SWN is committed to – and recognized for – the responsible development of needed energy resources, and we recognize the concerns of our stakeholders about climate change. We also understand that regulations and practices aimed at protecting the environment, and specifically reducing greenhouse gas (GHG) emissions, can affect our business. We consider these issues as part of our risk management process.

In addition to efforts to limit emissions in our own activities, we consider the long-term consequences of new regulations and industry-leading practices aimed at limiting climate impact. We closely follow developments in policy and stakeholder sentiment, including through frequent engagement with local community members, government officials and investors. We also consider future price and demand projections, such as those from the Annual Energy Outlook published by the U.S. Energy Information Administration (EIA) and from the World Energy Outlook published annually by the International Energy Agency (IEA). We are particularly interested in price and demand projections regarding low-carbon natural gas, which along with natural gas liquids (NGLs), comprises essentially all of our production.

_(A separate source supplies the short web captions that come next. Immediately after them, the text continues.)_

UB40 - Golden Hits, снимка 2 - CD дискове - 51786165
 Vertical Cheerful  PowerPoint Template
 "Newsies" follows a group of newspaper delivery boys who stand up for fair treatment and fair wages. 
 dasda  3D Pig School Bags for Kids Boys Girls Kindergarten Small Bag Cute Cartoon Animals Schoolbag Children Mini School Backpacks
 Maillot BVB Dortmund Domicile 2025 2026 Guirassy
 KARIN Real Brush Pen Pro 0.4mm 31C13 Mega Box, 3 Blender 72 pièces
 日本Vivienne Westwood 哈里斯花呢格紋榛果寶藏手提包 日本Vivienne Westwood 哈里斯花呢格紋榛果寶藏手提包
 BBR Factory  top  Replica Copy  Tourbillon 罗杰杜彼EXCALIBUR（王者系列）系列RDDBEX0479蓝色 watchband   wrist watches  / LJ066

Demand for Natural Gas Is Likely to Increase

Demand for natural gas and associated NGLs in the U.S. and around the world will grow through 2050 under a wide range of scenarios, according to the EIA.1  The IEA, in its 2017 publication Perspectives for the Energy Transition, similarly concludes that new gas resources must be developed, even under the organization’s stringent 66% 2°C Scenario (i.e., a 66 percent probability of limiting global temperature increases to 2°C).2  The report states that even under this aggressive scenario “natural gas plays an important role in the transition across several sectors.”3  Under the IEA’s New Policies Scenario (in which countries adhere to the policy commitments they made in the 2015 Paris climate agreements), natural gas demand is likely to increase by 70 percent from 2014 to 2050, primarily due to increased demand for electricity generated by lower-carbon sources.4

“Expansion [of U.S. shale gas production] on this scale is having wide-ranging impacts within North America, fueling major investments in petrochemicals and other energy-intensive industries.”IEA, World Energy Outlook 2017, Executive Summary, p. 4

With substantial low-cost reserves, SWN is well positioned to produce and deliver natural gas and NGLs needed to meet this growing demand.

SWN’s Proved Reserves Are Likely to Be Produced Under Stricter Policies

SWN reported 14.8 trillion cubic feet of gas equivalent (Tcfe) of proved reserves as of year-end 2017. Reserves are a direct and commonly used measure of how much gas or oil a company will be able to produce profitably. We believe that substantially all of SWN’s proved reserves as of year-end 2017 are likely to be produced even with heightened climate-change policies and practices.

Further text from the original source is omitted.